» **EXERCISE**
Nothing but the lines below from the one containing "Be Loud Be Bold" through the one containing "Wig Caps for" should appear in the answer, exact and without pictures.

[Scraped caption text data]
****************************************

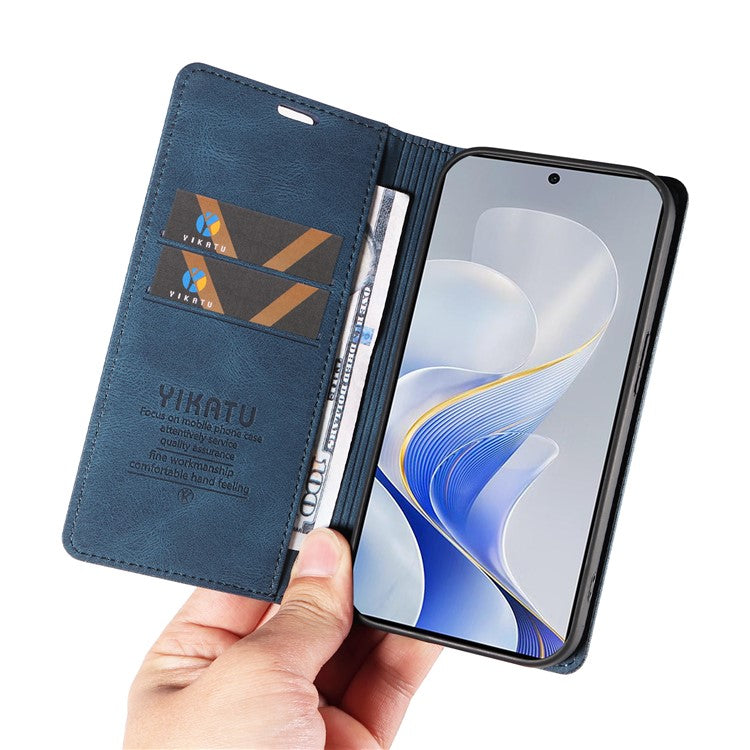 YIKATU YK-004 For vivo S19 5G / V40 5G Case Skin-Touch PU Leather Phone Cover - Blue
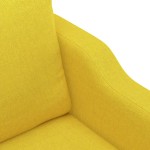 vidaXL Set de canapele cu perne, 4 piese, galben deschis, textil vidaXL Set de canapele cu perne, 4 piese, galben deschis, textil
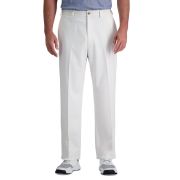 Haggar Men’s Cool 18 PRO® Classic-Fit Waist Flat Front Stretch Dress White B4HP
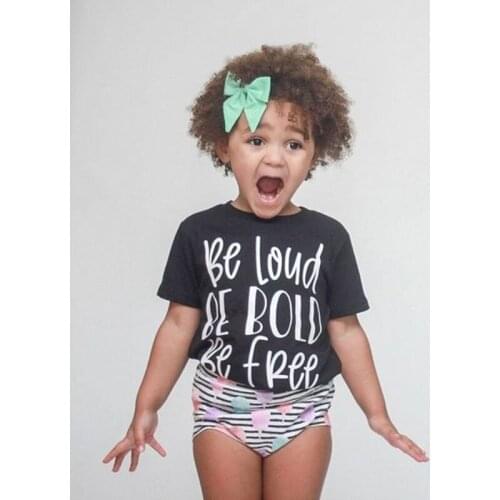 Be Loud Be Bold Be Free Funny Kids Tshirt Toddler Girl Boy Short Sleeve T-shirts Summer Chidlren Casual Fashion Tees Shirts Tops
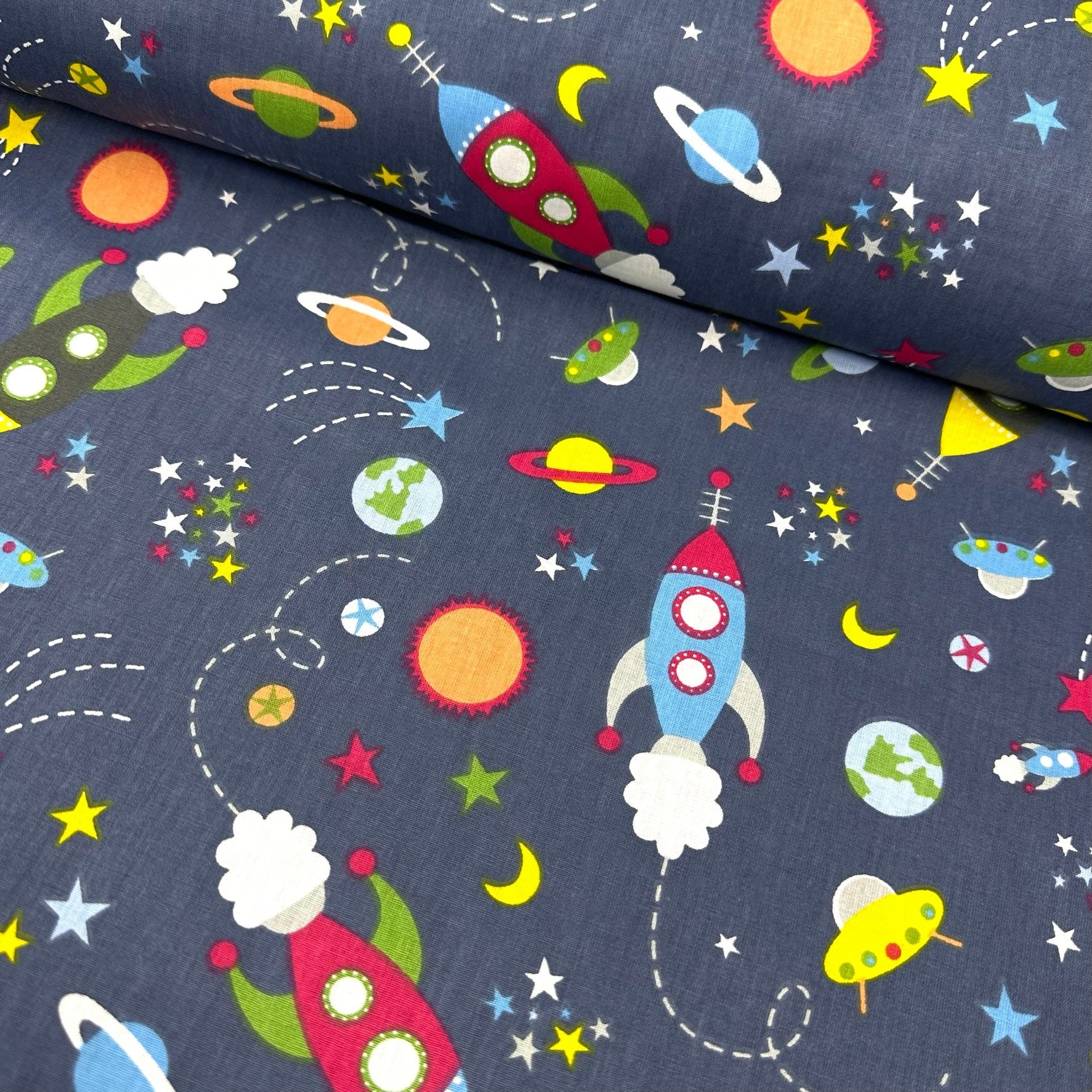 My Dream Space Is Poplin Fabric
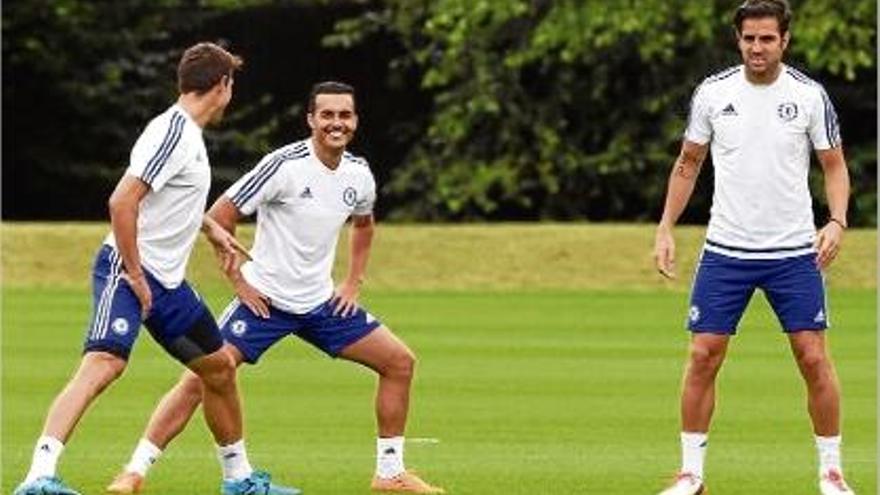 Pedro ja es va entrenar amb els seus nous companys del Chelsea.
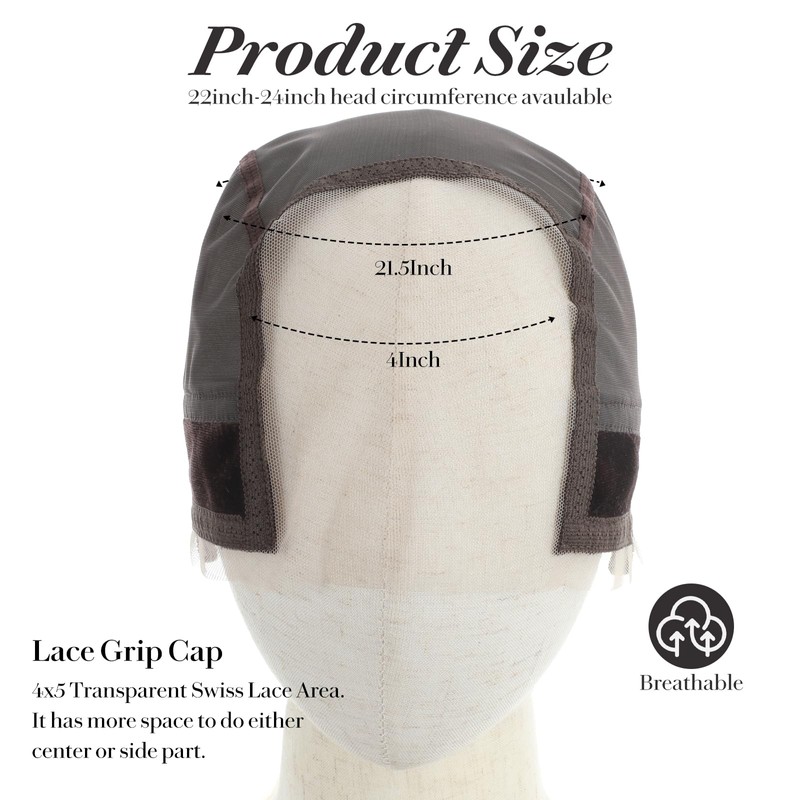 Wig Caps for Women Non Slip, Adjustable Wig Grip Cap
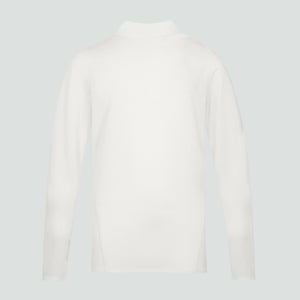 CANTERBURY CRICKET REG SET-IN LS POLO AM CREAM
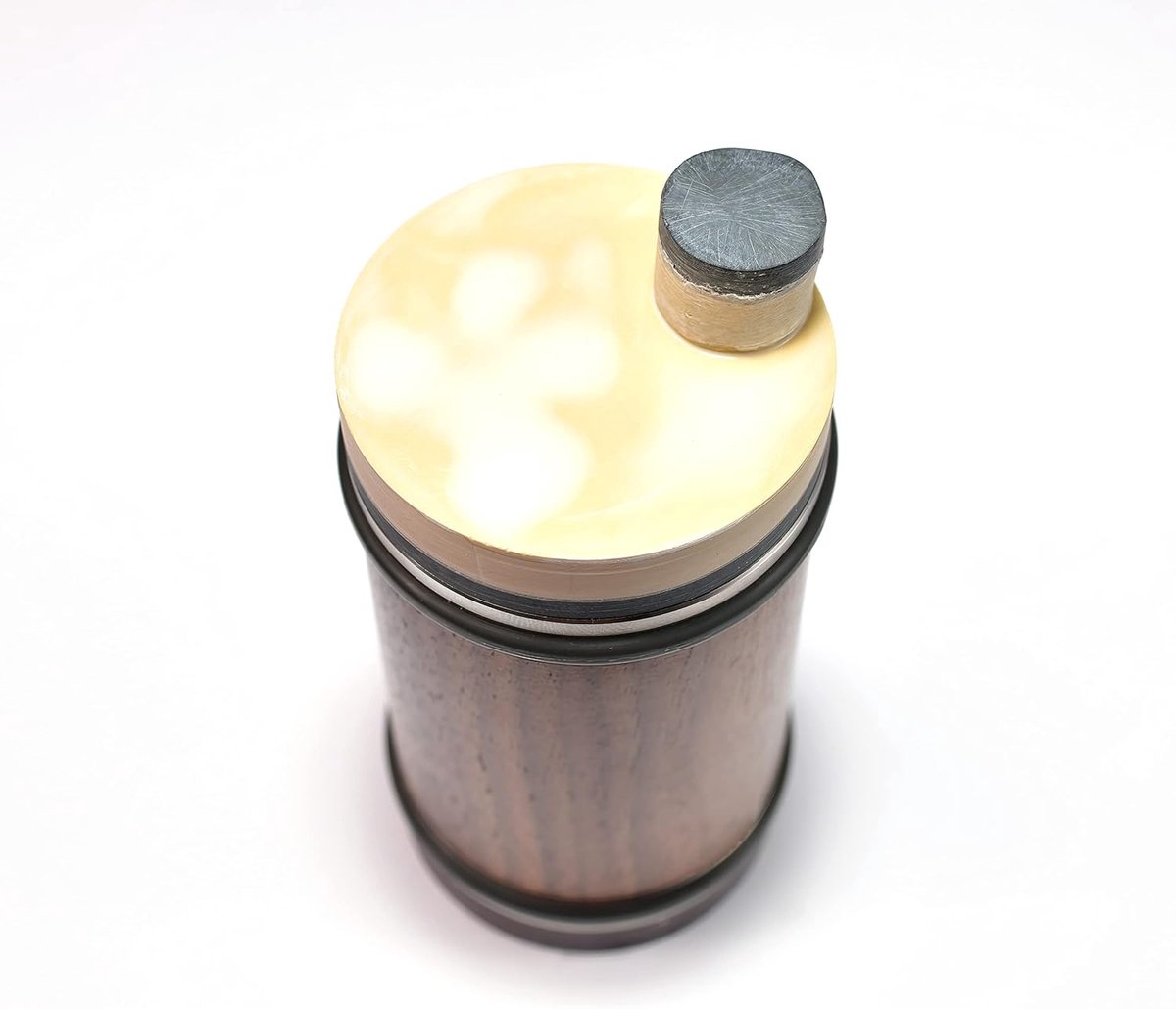 Schuurschijf Natuursteen - Slijpschijf Poetschijf - Gereedschap Slijpen - Fijne Minerale Structuur - 54.5 mm diameter - Geel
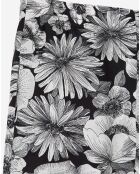 Pantalon 100% Soie Romantic Garden noir/blanc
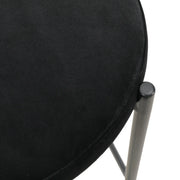 Euston Wicker Bar Stool with Black Powder Coated Steel Frame and Footrest - Elax Furniture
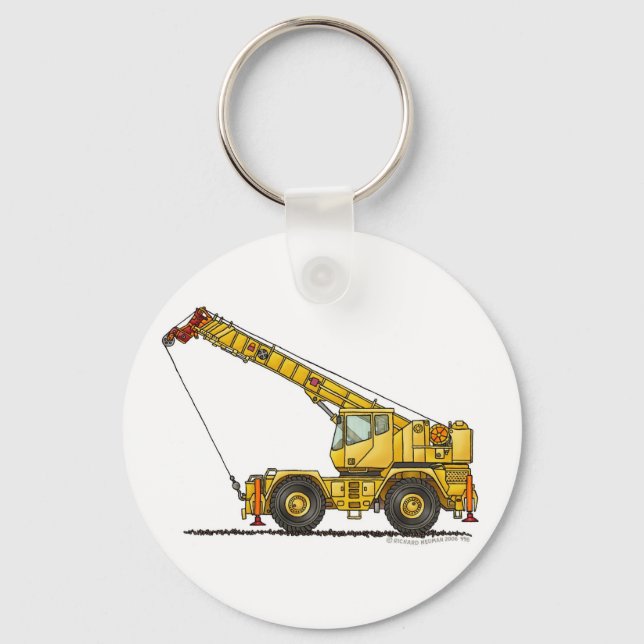 Crane All Terrain Hydraulic Construction Key Chain (Front)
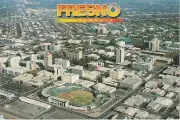 Pacific Coast League Fresno Grizzlies Baseball Stadium Postcard -Chukchansi Park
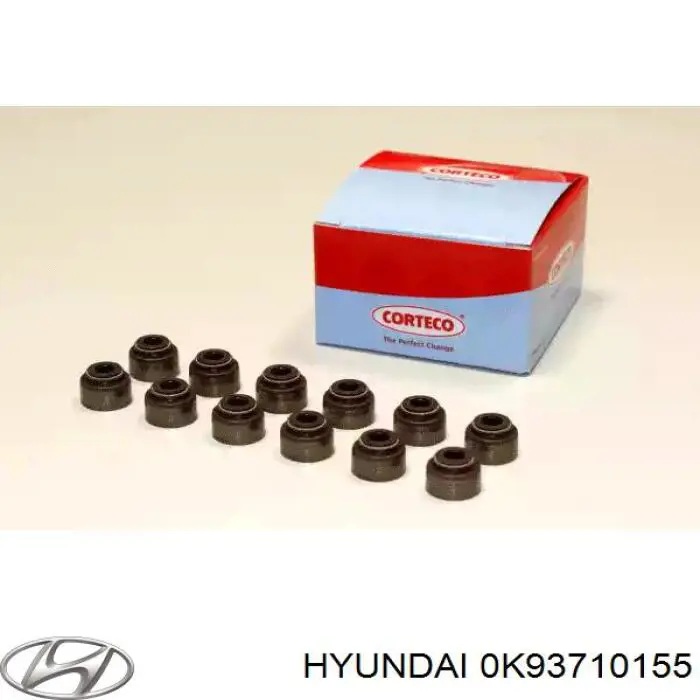 Купити 0K93710155 Hyundai/Kia Сальник клапана (маслознімний), випускного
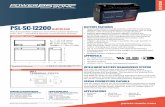 PSL-SC-12200 12.8V 20.0 AH BATTERY FEATURES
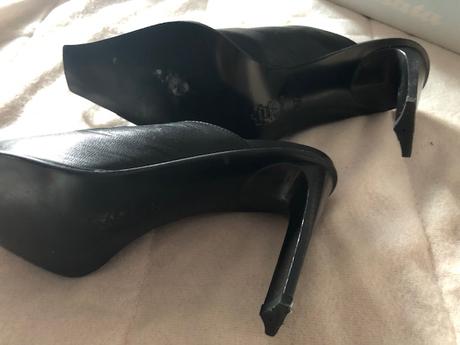 Extra vysoke cerne celo kozene boty bata 37, baťa,37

****************************************

» **ANSWER BOX**
 Be Loud Be Bold Be Free Funny Kids Tshirt Toddler Girl Boy Short Sleeve T-shirts Summer Chidlren Casual Fashion Tees Shirts Tops
 My Dream Space Is Poplin Fabric
 Pedro ja es va entrenar amb els seus nous companys del Chelsea.
 Wig Caps for Women Non Slip, Adjustable Wig Grip Cap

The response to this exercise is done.